═══ INPUT DATA ═══

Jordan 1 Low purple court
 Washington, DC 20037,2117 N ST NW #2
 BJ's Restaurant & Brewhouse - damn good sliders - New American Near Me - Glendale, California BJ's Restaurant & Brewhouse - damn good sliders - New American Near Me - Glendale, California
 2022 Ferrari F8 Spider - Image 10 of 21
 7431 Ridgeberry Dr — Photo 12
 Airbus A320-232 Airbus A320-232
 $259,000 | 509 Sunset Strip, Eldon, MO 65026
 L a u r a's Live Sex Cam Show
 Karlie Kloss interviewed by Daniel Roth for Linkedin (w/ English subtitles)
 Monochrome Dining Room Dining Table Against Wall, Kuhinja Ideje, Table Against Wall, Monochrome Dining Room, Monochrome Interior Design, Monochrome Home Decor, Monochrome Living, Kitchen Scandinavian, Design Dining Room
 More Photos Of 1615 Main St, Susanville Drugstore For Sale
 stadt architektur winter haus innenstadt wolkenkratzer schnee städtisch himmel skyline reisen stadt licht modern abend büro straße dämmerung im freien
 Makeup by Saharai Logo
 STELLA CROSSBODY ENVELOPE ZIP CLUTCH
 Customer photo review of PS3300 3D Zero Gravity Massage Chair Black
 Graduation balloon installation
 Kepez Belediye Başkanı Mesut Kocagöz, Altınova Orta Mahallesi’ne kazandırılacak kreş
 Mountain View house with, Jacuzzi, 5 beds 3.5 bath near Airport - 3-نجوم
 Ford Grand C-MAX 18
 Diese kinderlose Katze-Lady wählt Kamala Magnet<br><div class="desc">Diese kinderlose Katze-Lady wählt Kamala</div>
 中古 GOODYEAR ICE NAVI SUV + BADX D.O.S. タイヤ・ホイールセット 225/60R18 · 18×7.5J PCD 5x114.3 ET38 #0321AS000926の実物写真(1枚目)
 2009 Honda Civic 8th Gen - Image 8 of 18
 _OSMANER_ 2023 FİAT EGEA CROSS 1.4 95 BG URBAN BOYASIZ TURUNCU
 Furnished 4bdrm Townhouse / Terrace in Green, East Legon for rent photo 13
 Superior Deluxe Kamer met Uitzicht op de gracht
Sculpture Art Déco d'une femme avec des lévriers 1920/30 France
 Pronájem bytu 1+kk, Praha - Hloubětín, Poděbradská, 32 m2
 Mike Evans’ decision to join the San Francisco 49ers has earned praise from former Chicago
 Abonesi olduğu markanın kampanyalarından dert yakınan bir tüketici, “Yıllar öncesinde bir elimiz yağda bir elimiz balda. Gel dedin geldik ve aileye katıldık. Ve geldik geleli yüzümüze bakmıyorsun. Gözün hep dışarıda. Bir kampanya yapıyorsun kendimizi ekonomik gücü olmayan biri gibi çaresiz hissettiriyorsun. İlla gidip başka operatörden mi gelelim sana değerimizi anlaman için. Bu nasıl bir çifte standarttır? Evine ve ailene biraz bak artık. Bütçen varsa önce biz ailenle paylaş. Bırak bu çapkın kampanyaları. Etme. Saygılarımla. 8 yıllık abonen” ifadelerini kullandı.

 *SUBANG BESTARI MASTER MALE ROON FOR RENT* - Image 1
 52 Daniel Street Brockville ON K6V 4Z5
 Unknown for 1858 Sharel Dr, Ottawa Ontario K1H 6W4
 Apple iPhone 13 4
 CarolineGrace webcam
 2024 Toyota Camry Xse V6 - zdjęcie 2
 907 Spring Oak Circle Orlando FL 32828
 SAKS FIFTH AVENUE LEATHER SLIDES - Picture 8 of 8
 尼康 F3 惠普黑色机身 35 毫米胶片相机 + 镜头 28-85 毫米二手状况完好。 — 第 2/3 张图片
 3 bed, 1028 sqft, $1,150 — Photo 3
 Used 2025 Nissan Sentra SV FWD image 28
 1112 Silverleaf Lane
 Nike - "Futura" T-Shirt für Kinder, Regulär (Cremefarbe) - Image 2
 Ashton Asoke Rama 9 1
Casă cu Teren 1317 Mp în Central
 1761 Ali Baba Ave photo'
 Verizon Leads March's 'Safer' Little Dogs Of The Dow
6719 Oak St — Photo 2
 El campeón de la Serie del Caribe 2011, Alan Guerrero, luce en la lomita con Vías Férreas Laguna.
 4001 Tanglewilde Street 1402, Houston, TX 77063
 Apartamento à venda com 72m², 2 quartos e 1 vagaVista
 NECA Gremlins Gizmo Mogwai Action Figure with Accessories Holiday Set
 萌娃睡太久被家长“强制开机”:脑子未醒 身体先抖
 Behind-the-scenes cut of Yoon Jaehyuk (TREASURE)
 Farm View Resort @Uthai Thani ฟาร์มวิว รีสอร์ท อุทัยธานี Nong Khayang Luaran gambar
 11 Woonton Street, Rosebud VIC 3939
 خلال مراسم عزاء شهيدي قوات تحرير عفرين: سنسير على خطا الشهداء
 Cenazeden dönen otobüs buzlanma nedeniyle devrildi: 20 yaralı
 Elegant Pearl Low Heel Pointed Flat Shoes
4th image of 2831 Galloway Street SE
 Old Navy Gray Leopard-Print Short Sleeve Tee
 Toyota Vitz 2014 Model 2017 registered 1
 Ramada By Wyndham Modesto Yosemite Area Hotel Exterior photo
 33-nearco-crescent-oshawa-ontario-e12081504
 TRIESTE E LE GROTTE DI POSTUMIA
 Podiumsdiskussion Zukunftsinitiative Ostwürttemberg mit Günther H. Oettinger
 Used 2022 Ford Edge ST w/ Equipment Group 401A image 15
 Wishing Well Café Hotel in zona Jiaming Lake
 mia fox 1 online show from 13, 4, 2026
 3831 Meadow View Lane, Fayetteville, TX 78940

═══

In the data above, which lines lie between the line with "URBAN BOYASIZ TURUNCU" and the line with "4001 Tanglewilde Street", inclusive? Print those lines exactly and nothing else.

ANSWER TO THIS PROBLEM
 _OSMANER_ 2023 FİAT EGEA CROSS 1.4 95 BG URBAN BOYASIZ TURUNCU
 Furnished 4bdrm Townhouse / Terrace in Green, East Legon for rent photo 13
 Superior Deluxe Kamer met Uitzicht op de gracht
Sculpture Art Déco d'une femme avec des lévriers 1920/30 France
 Pronájem bytu 1+kk, Praha - Hloubětín, Poděbradská, 32 m2
 Mike Evans’ decision to join the San Francisco 49ers has earned praise from former Chicago
 Abonesi olduğu markanın kampanyalarından dert yakınan bir tüketici, “Yıllar öncesinde bir elimiz yağda bir elimiz balda. Gel dedin geldik ve aileye katıldık. Ve geldik geleli yüzümüze bakmıyorsun. Gözün hep dışarıda. Bir kampanya yapıyorsun kendimizi ekonomik gücü olmayan biri gibi çaresiz hissettiriyorsun. İlla gidip başka operatörden mi gelelim sana değerimizi anlaman için. Bu nasıl bir çifte standarttır? Evine ve ailene biraz bak artık. Bütçen varsa önce biz ailenle paylaş. Bırak bu çapkın kampanyaları. Etme. Saygılarımla. 8 yıllık abonen” ifadelerini kullandı.

 *SUBANG BESTARI MASTER MALE ROON FOR RENT* - Image 1
 52 Daniel Street Brockville ON K6V 4Z5
 Unknown for 1858 Sharel Dr, Ottawa Ontario K1H 6W4
 Apple iPhone 13 4
 CarolineGrace webcam
 2024 Toyota Camry Xse V6 - zdjęcie 2
 907 Spring Oak Circle Orlando FL 32828
 SAKS FIFTH AVENUE LEATHER SLIDES - Picture 8 of 8
 尼康 F3 惠普黑色机身 35 毫米胶片相机 + 镜头 28-85 毫米二手状况完好。 — 第 2/3 张图片
 3 bed, 1028 sqft, $1,150 — Photo 3
 Used 2025 Nissan Sentra SV FWD image 28
 1112 Silverleaf Lane
 Nike - "Futura" T-Shirt für Kinder, Regulär (Cremefarbe) - Image 2
 Ashton Asoke Rama 9 1
Casă cu Teren 1317 Mp în Central
 1761 Ali Baba Ave photo'
 Verizon Leads March's 'Safer' Little Dogs Of The Dow
6719 Oak St — Photo 2
 El campeón de la Serie del Caribe 2011, Alan Guerrero, luce en la lomita con Vías Férreas Laguna.
 4001 Tanglewilde Street 1402, Houston, TX 77063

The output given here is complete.